## WORK ORDER
All lines below between the line with "大熊猫每天吃多少斤竹子3" and the line with "Well pump jet", including both, must be copied exactly, and the pictures must be omitted.

## LISTED RECORDS
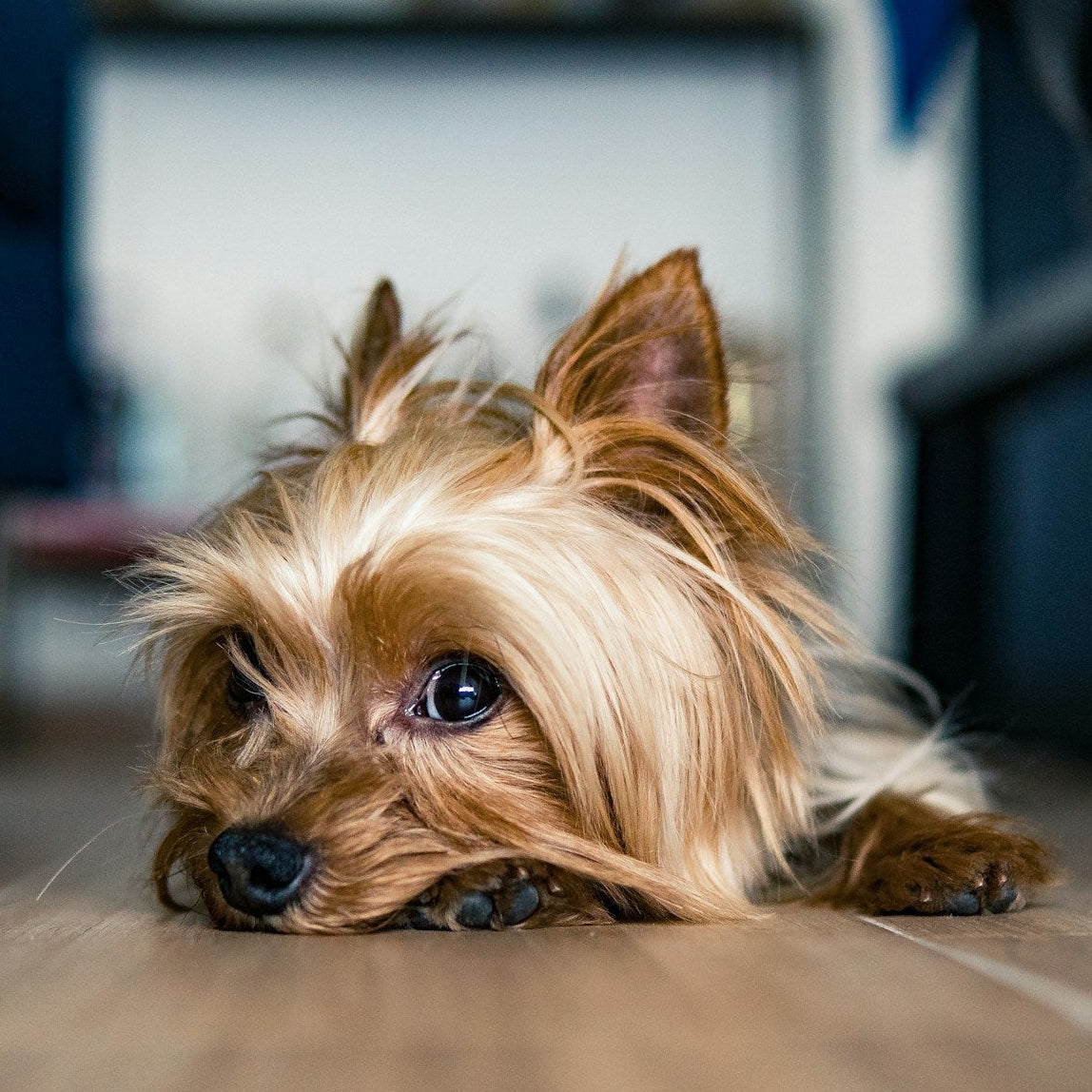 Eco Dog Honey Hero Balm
---
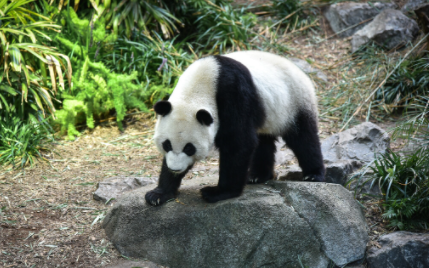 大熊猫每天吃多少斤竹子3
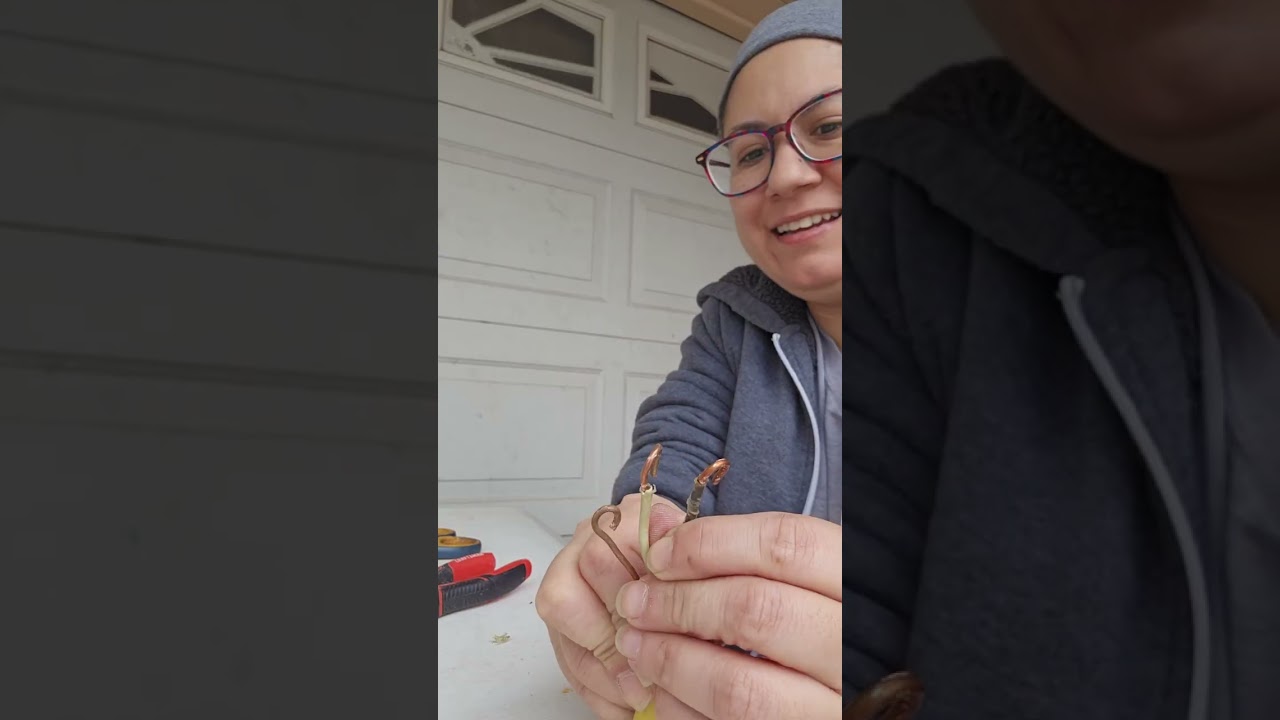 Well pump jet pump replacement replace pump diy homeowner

## SOLUTION TO THIS PROBLEM
 大熊猫每天吃多少斤竹子3
 Well pump jet pump replacement replace pump diy homeowner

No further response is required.